Always save personal questions for last. Sensitive questions may cause respondents to drop off before completing. If these questions are at the end, the respondent has had time to become more comfortable with the interview and are more likely to answer personal or demographic questions.
Differences between a Questionnaire and a Survey
|Meaning||A questionnaire can is a research instrument that consists of a set of questions to collect information from a respondent.||A survey is a research method used for collecting data from a pre-defined group of respondents to gain information and insights on various topics of interest.|
|What is it?||The instrument of data collection||Process of collecting and analyzing that data|
|Characteristic||Subset of survey||Consists of questionnaire and survey design, logic and data collection|
|Time and Cost||Fast and cost-effective||Much slower and expensive|
|Use||Conducted on the target audience||Distributed or conducted on respondents|
|Questions||Close-ended and very rarely open-ended||Close-ended and open-ended|
|Answers||Objective||Subjective or objective|
The best way to understand how questionnaires work is to see the types of questionnaires available. Some examples of a questionnaire are:
- Customer Satisfaction Questionnaire: This type of research can be used in any situation where there’s an interaction between a customer and an organization. For example, you might send a customer satisfaction survey after someone eats at your restaurant. You can use the study to determine if your staff is offering excellent customer service and a positive overall experience.

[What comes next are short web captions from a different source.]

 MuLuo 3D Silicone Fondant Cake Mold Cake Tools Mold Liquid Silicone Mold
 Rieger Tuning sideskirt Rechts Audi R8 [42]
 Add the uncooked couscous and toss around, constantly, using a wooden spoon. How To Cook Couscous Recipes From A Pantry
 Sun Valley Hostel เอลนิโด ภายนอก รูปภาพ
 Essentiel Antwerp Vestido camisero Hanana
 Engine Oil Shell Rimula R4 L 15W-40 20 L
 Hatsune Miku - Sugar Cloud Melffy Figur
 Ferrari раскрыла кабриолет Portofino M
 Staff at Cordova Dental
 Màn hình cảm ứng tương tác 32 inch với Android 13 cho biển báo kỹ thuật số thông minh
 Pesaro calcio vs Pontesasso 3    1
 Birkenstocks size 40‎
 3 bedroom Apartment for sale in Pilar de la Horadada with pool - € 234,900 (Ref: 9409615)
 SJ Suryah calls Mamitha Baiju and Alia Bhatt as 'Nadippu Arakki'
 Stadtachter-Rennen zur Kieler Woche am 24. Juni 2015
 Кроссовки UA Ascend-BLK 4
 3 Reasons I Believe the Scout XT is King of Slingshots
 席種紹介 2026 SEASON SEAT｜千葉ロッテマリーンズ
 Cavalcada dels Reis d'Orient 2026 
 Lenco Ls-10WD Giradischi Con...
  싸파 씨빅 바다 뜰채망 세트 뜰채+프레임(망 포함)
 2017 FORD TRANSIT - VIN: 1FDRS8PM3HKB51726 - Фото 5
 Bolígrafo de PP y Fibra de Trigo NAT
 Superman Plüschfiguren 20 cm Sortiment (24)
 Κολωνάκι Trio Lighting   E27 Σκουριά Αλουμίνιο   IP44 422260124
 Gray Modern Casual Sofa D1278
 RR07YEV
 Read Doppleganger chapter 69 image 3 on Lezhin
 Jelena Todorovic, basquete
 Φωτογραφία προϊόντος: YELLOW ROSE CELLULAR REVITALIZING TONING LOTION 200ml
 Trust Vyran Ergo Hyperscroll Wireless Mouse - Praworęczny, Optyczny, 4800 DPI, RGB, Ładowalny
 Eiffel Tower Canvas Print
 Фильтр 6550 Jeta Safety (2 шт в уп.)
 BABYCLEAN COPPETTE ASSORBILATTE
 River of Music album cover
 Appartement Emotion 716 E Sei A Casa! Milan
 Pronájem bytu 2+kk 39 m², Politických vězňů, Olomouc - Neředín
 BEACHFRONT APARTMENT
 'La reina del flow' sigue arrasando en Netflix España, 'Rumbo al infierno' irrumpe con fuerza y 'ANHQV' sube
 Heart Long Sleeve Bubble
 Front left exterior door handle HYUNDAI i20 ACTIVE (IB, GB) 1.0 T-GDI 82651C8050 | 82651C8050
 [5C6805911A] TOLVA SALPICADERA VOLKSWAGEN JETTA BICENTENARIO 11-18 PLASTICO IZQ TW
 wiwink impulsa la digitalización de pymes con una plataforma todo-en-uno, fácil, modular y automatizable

- Product Use Satisfaction: You can use this template to better understand your product’s usage trends and similar products. This also allows you to collect customer preferences about the types of products they enjoy or want to see on the market.
- Company Communications Evaluation: Unlike the other examples, a company communications evaluation looks at internal and external communications. It can be used to check if the policies of the organization are being enforced across the board, both with employees and clients.
The above survey questions are typically easy to use, understand, and execute. Additionally, the standardized answers of a survey questionnaire instead of a person-to-person conversation make it easier to compile useable data.
The most significant limitation of a data collection questionnaire is that respondents need to read all of the questions and respond to them. For example, you send an invitation through email asking respondents to complete the questions on social media. If a target respondent doesn’t have the right social media profiles, they can’t answer your questions.